5 divided by5 =1. you are now left with 1 to the power of 4 divided by1 to the power of 8. 4 divided by 8 can be simplified into 1 divided by two. You now have 1 raised to the power of 1 divided by 1 raised to the power of two. No matter what power you put next to 1, it still = 1. so you are now left with 1 divided by 1 which = 1.

The problem is this:

$ \frac {5^4} {5^8} $

This can be apprpoached in a number of ways - I'll start with the most fundamental and then show how to do it really quickly.

First, recall that the term "5 to the fourth power" means 5 multiplied by itself 4 times. Similarly, 5 to the 8th power is 5 multiplied by itself 8 times. So this expression is the same as:

$ \frac {5*5*5*5} {5*5*5*5*5*5*5*5} $

Since $\frac 5 5 = 1$ , can eliminate a matching set of 5's from both the numerator and denominator, and do this 4 times:

$ \frac {5*5*5*5} {5*5*5*5*5*5*5*5} = \frac 1 {5*5*5*5} = \frac 1 {5^4} = \frac 1 {625} $

The short hand way to do this is to realize that putting 5 to the 8th power in the denominator is like multiplying by 5 to the minus eighth power. So:

$ \frac {5^4} {5^8} = 5^4 * 5^{-8} $

Now, whenever you are multiplying a number raised to a power by that same number raised to another power, it's equivalent to that number raised to the sum of the two powers. That is:

$ a^b * a^ c = a^{(b+c)} $

Similarly, when you are dividing a number raised to a power by that same number raised to another power, it's equivalent to that number raised to the difference of the two powers. That is:

$ \frac {a^b} { a^ c} = a^{(b-c)} $

So for this problem:

$ \frac {5^4} {5^8} = 5^4 * 5^ {-8} = 5^ {(4-8)} = 5^ {-4} = \frac 1 {5^4} = \frac 1 {625} $

If you can remember the rules for adding or subtracting exponents, this type of problem can be solved in seconds.

You may like to explain that to my math teacher then. Depending on what rules you are supposed to use, you can get different answers. e.g. inserting logs.

Quote:

Originally Posted by Ginny Finny

you may like to explain that to my math teacher then. depending on what rules you are supposed to use, you can get different answers. eg, inserting logs.

If you type those in a calculator, you'll get the answer that ebaines already gave.

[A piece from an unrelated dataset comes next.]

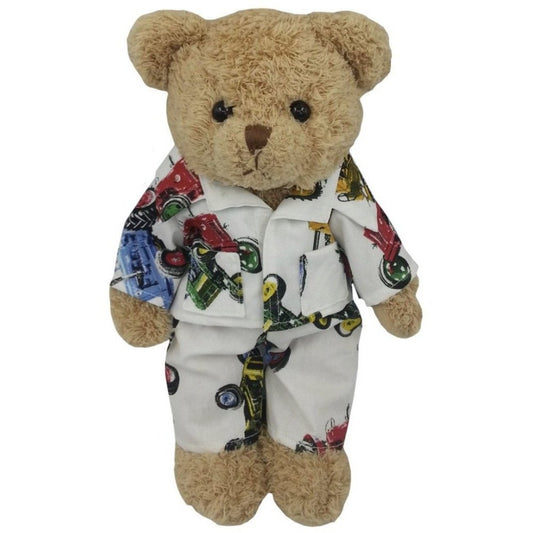 Tractor Bear wearing tractor print pyjamas - Cotswold Baby Co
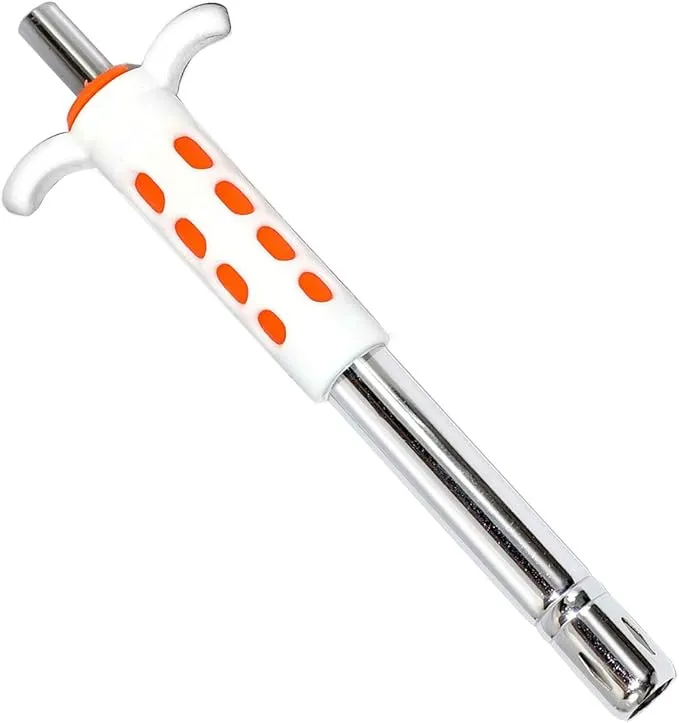 Easy Grip Stainless Steel Regular Gas Lighters for Gas Stoves, Restaurants & Kitchen Use (Orange)-1 Pack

Ok, I'll use other examples.

$\frac{2^3}{2^2}$

$2^3$ is 8, whereas $2^2$ is 4. And 8/4 gives 2, not 1.

$\frac{3^3}{3^4}$

$3^3$ is 27, whereas $3^4$ is 814. And 27/81 gives 1/3, not 1.

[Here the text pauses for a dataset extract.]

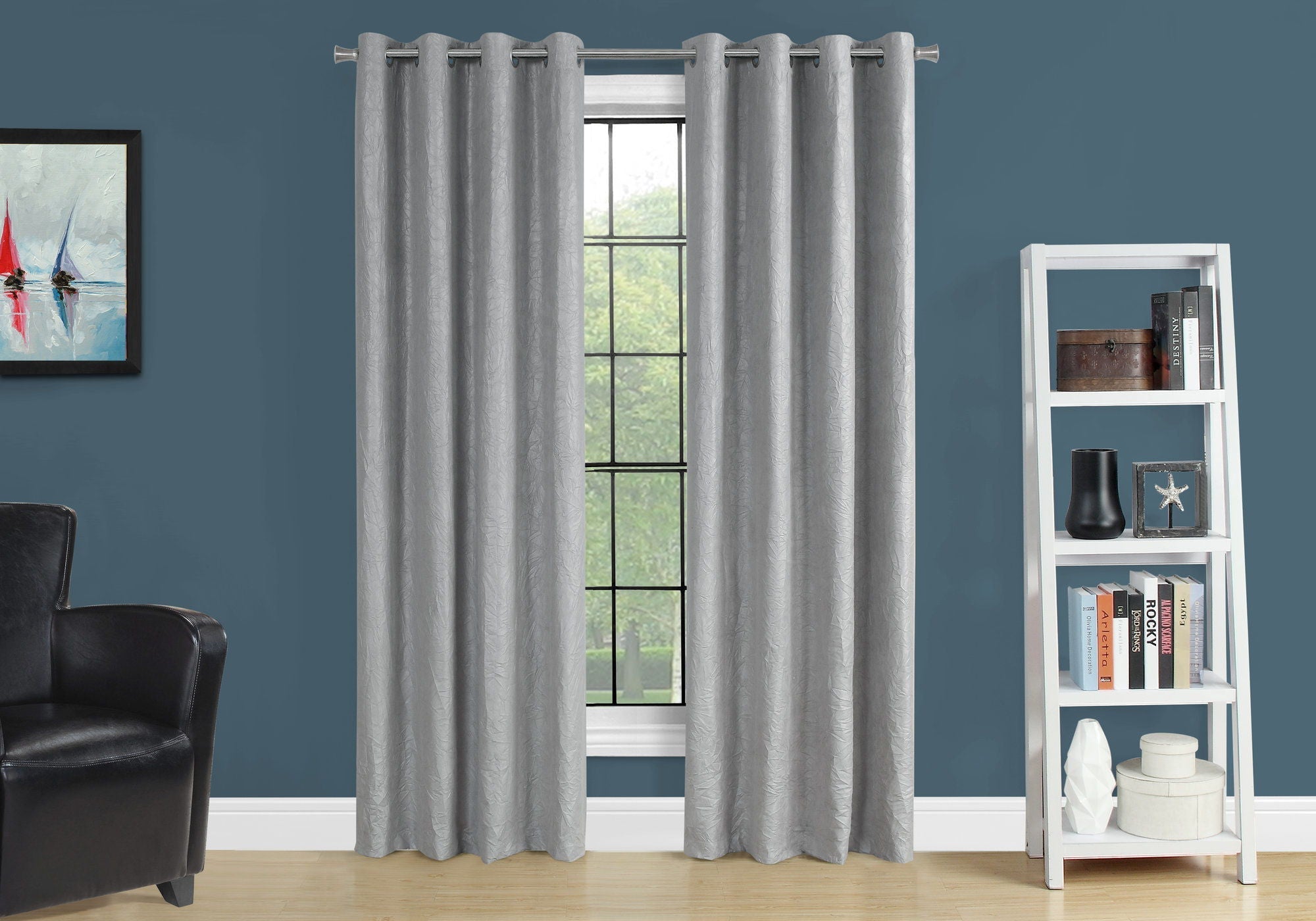 2 Pieces Set Room Darkening Curtain Panels with Grommet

Using logs? Ok, let's do it.

$\frac{2^3}{2^2}=x$

Let x be the answer.

$2^3=2^2x$

Insert log;

$log(2^3)=log(2^2x)$

Separate log(2^2x) and remove the power from log(2^3)

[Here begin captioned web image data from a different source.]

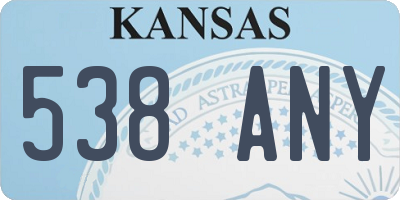 KS license plate 538ANY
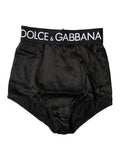 Women's Black Logo Girdle High Waist Panty Underwear Elastane Silk Clothing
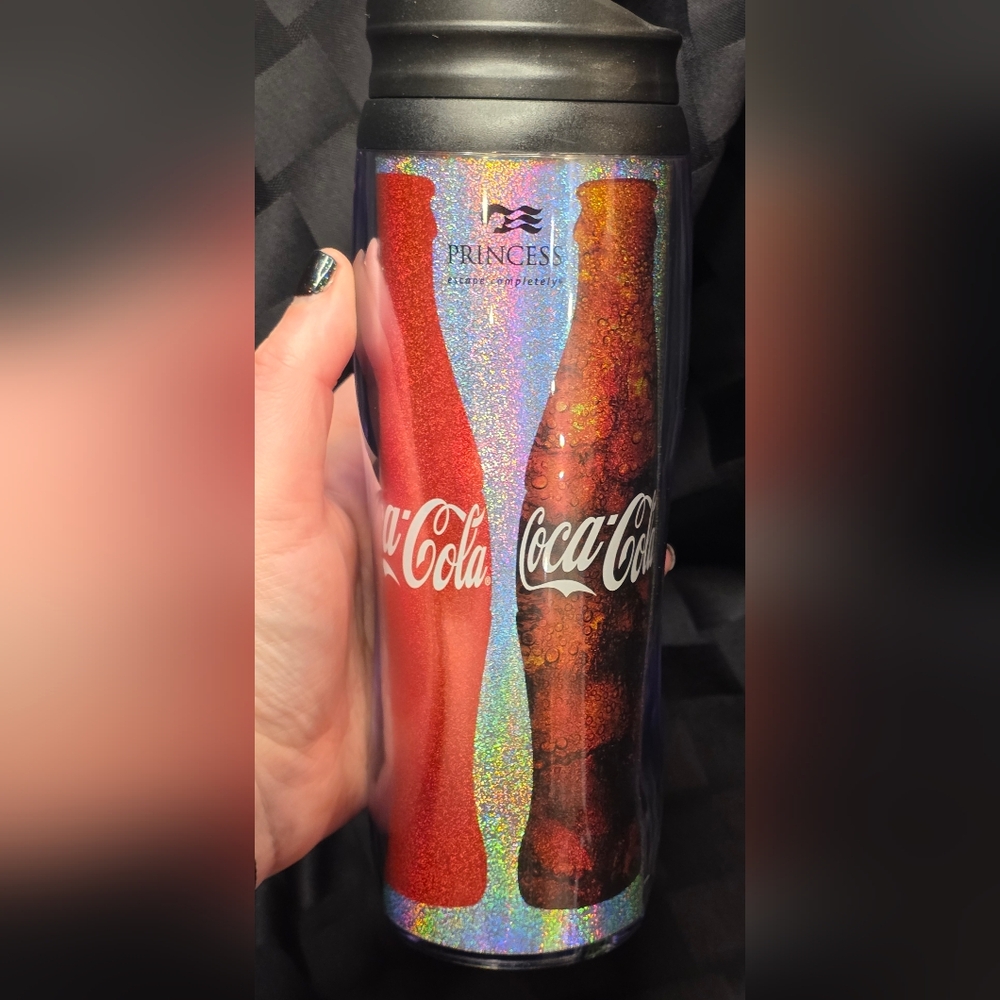 Princess Cruises & Coca-Cola Insulated Cold Or Hot Travel Tumbler 16 Oz. Sparkle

$3log(2)=log(2^2) + log(x)$

Remove power from log(2^2)

$3log(2)=2log(2) + log(x)$

$3log(2)-2log(2) = log(x)$

Let log(2) = y

$3y-2y = log(x)$

$y = log(x)$

Substitute y by log(2)

$log(2) = log(x)$

So, x = 2.

Quote:

You may like to explain that to my math teacher then. Depending on what rules you are supposed to use, you can get different answers. e.g. inserting logs.

You will not get different answers if you do it correctly, no matter how you do the problem.